#todayilearned: Isolate your Development Environment
Today I wanted to share with you the hardest bug that I have encountered yet at work. It's a great argument for why language-specific "virtual environments" don't really work well in practice, especially if there's a mismatch between its intended use cases and yours, and why you should strictly isolate your development environment from your build environment even while compiling locally.
I use conda
for my development environment.
conda
is very helpful in terms of isolating and deploying your source code
only into production, but as it turns out, it can fail pretty hard in terms
of making sure the rest of your development environment remains free of any side
effects it generates.
Sometimes, I need to compile on-premise distributions of my ETL tool in order to verify its functional integrity from my development laptop.
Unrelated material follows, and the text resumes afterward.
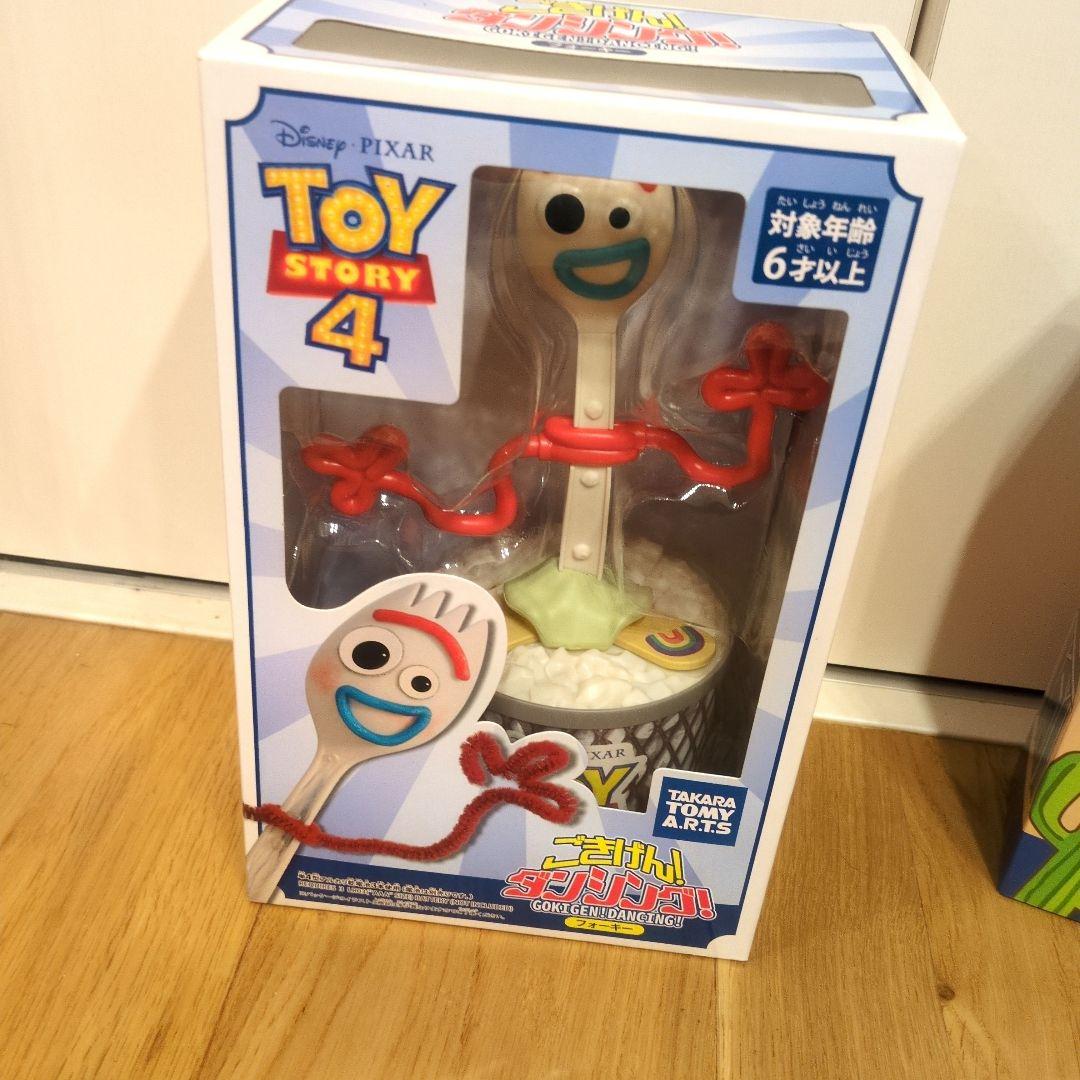 本日削除☆　ディズニー　ピクサー　トイストーリー　ウッディ　フィギュア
This custom-built compilation process, while it manages itself quite well, doesn't really check for side effects because it assumes it is compiling in our CI/CD pipelines.
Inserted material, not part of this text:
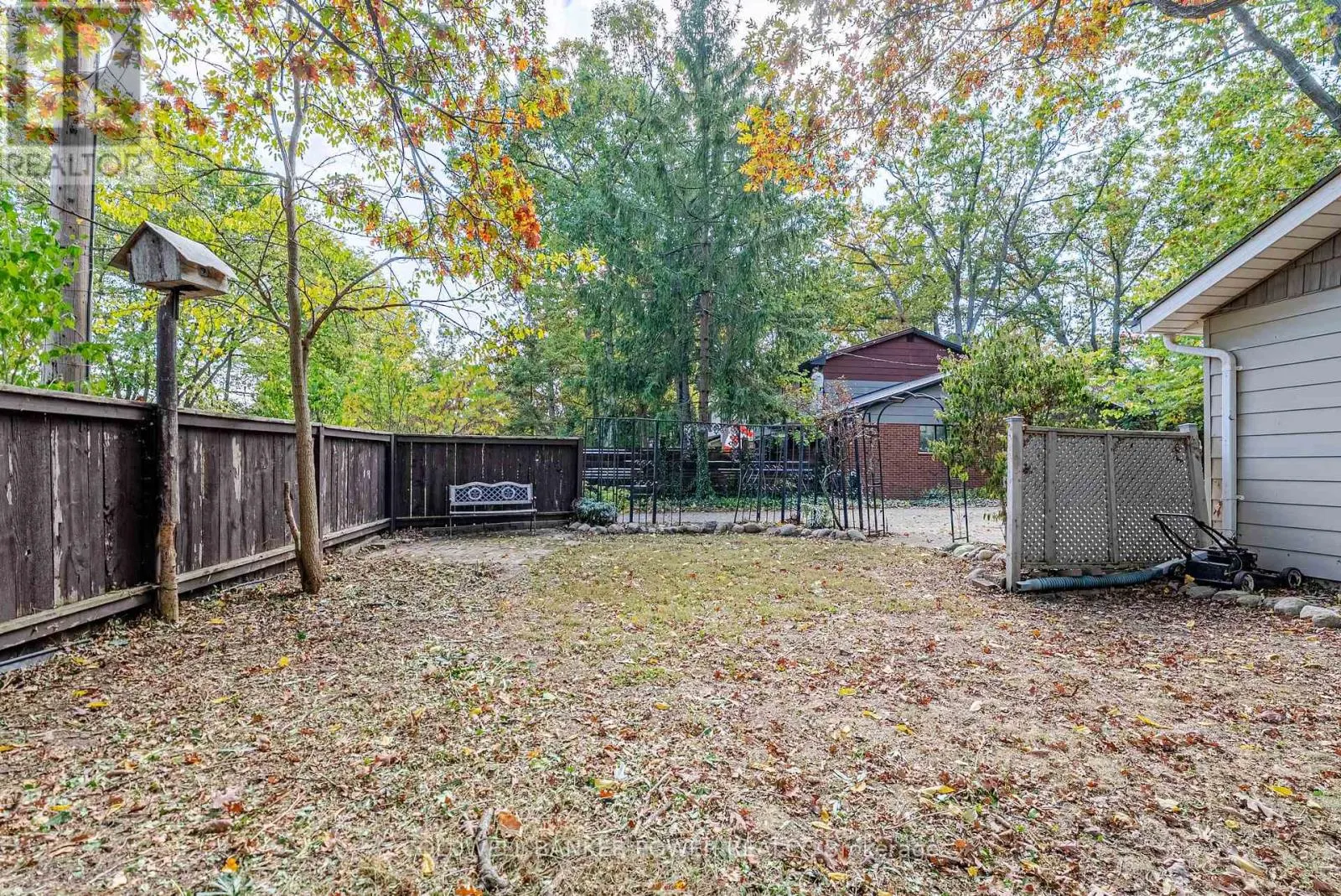 370 HAZEL AVENUE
You might see where this is going.
So there's this dependency called freetds
,
which enables your Unix-based operating system to talk to Windows-based database
products like Microsoft SQL Server. This is important if you want your ETL tool
to talk to SQL Server and ingest data from it. This dependency in turn requires
a dependency on openssl
, which is an
open-source implementation of the TLS/SSL encryption protocol. We keep the copy
of openssl
we compile with in a special location, and the compilation process
fetches that copy of openssl
.
One day, I was executing a compilation to check a particular feature. Instead of the rather straightforward build I was expecting, I got this logged out instead:
./.libs/libtdssrv.a(tls.o): In function `sk_GENERAL_NAME_num':
tls.c:(.text+0x7c): undefined reference to `OPENSSL_sk_num'
./.libs/libtdssrv.a(tls.o): In function `sk_GENERAL_NAME_value':
tls.c:(.text+0x9e): undefined reference to `OPENSSL_sk_value'
./.libs/libtdssrv.a(tls.o): In function `sk_GENERAL_NAME_pop_free':
tls.c:(.text+0xc3): undefined reference to `OPENSSL_sk_pop_free'
./.libs/libtdssrv.a(tls.o): In function `tds_pull_func_login':
tls.c:(.text+0xe5): undefined reference to `BIO_get_data'
./.libs/libtdssrv.a(tls.o): In function `tds_push_func_login':
tls.c:(.text+0x20c): undefined reference to `BIO_get_data'
./.libs/libtdssrv.a(tls.o): In function `tds_pull_func':
tls.c:(.text+0x27d): undefined reference to `BIO_get_data'
./.libs/libtdssrv.a(tls.o): In function `tds_push_func':
tls.c:(.text+0x2f0): undefined reference to `BIO_get_data'
./.libs/libtdssrv.a(tls.o): In function `tds_ssl_ctrl_login':
tls.c:(.text+0x36a): undefined reference to `BIO_get_data'
./.libs/libtdssrv.a(tls.o): In function `tds_init_ssl_methods':
tls.c:(.text+0x3c7): undefined reference to `BIO_meth_new'
tls.c:(.text+0x3e9): undefined reference to `BIO_meth_set_write'
tls.c:(.text+0x3fc): undefined reference to `BIO_meth_set_read'
tls.c:(.text+0x40f): undefined reference to `BIO_meth_set_ctrl'
tls.c:(.text+0x422): undefined reference to `BIO_meth_set_destroy'
tls.c:(.text+0x433): undefined reference to `BIO_meth_new'
tls.c:(.text+0x455): undefined reference to `BIO_meth_set_write'
tls.c:(.text+0x468): undefined reference to `BIO_meth_set_read'
tls.c:(.text+0x47b): undefined reference to `BIO_meth_set_destroy'
./.libs/libtdssrv.a(tls.o): In function `tds_deinit_openssl_methods':
tls.c:(.text+0x491): undefined reference to `BIO_meth_free'
tls.c:(.text+0x4a0): undefined reference to `BIO_meth_free'
./.libs/libtdssrv.a(tls.o): In function `tds_init_openssl':
tls.c:(.text+0x4da): undefined reference to `OPENSSL_init_ssl'
tls.c:(.text+0x4fa): undefined reference to `TLS_client_method'
./.libs/libtdssrv.a(tls.o): In function `tds_ssl_init':
tls.c:(.text+0xb92): undefined reference to `SSL_CTX_set_options'
tls.c:(.text+0xd6d): undefined reference to `BIO_set_init'
tls.c:(.text+0xd80): undefined reference to `BIO_set_data'
tls.c:(.text+0xebd): undefined reference to `SSL_set_options'
tls.c:(.text+0xef1): undefined reference to `SSL_get_state'
tls.c:(.text+0xfdb): undefined reference to `BIO_set_init'
tls.c:(.text+0xfee): undefined reference to `BIO_set_data'
collect2: error: ld returned 1 exit status
To be honest, this was a little terrifying. Not only did I not see anything like this before, I not know how C/C++ projects are compiled, and I also didn't understand how my own tool's compilation process worked underneath the hood because it was handled by another team.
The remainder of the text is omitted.